LATIN - The Next Step After Phonics
Latin in the elementary school, after phonics? This may sound like a new and experimental idea, but it's really an old and traditional one. Have you ever read Good-bye Mr. Chips or Anne of Green Gables? If so, you may have noticed that the students seemed to spend a lot of time studying Latin grammar and that it was completed before high school. In fact, this is where the name grammar school came from - from the days when the most important subject in elementary school was Latin grammar. . . .
The most practical reason for Latin study is that it also teaches English. Over half of our English words are really Latin - and it's not just any half, it's the difficult half. The common one or two syllable words of every day speech are English, but the big three to five syllable words are usually Latin. These are the words students start to see in their reading in science, history and literature beginning in the third and fourth grade. Do we really prepare students for this transition? . . . . . The advantage of beginning Latin early is that we give our students the tools to decode these big words just when they begin to encounter them, instead of five years later. . . . . .
Another reason to begin Latin in the early grades is that students at this age still find memorizing an enjoyable task, something not true of students in high school. Much of the vocabulary and forms of Latin can be learned in grades two through six. . . .
To really understand the structure of language (and that is what grammar is), students must study a structured language.
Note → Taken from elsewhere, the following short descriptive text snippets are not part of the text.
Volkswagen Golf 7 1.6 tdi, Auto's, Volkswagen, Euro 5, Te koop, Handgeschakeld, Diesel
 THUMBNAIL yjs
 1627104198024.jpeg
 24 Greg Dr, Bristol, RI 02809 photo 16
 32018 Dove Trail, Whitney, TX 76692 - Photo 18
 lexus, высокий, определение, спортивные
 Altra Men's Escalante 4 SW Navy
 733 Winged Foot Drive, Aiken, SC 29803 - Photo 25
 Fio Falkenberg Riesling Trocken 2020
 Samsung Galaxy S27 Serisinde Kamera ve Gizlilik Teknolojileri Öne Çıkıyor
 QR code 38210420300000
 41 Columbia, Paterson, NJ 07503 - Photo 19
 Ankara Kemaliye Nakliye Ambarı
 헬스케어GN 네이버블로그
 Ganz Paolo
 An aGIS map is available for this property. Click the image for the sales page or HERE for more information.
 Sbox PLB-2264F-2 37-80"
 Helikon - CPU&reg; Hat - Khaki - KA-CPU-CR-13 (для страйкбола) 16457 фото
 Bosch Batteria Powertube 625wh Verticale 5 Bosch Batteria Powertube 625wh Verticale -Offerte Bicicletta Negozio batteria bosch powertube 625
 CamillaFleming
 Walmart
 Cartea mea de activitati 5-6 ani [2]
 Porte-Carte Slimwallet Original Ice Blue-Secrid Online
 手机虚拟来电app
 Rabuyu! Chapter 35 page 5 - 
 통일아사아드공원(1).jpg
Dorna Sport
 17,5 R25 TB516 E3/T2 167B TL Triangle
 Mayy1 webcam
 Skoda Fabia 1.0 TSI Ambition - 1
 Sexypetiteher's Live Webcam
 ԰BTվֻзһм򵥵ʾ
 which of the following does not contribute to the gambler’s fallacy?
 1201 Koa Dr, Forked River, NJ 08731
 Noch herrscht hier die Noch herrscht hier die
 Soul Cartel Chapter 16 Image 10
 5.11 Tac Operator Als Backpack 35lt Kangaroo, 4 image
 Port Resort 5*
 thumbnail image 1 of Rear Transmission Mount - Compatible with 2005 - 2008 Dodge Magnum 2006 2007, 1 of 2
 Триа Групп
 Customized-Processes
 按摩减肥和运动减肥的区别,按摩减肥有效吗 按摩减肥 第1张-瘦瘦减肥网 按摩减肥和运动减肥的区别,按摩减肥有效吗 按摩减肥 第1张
In Latin, grammar is the organizing principle, rather that a vestige, as it is in most modern languags. Students who learn English grammar by comparison and contrast with Latin grammar, develop an understanding of language far superior to anything that can be achieved by the study of modern languages alone. . . . . . Studying a disciplined, organized language like Latin helps students learn to think in a more disciplined, organized way. The very nature of the language affects the way students think and write. . . . . .
Latin is the mother tongue of Western civilization. . . . . .Everything in the modern world seems to be related to Latin and to the ancient and medieval cultures that spoke it. By examining the roots of our culture in its mother language, knowledge begins to integrate naturally. . . . . . The best way to put it is this: Latin is a Unit Study where the work is done for you. . . . . .
[P]arents struggling to integrate and simplify their curriculums (not to mention their lives) will find in the study of Latin, not just a language, but an organiing principle that could revolutionize their home schools.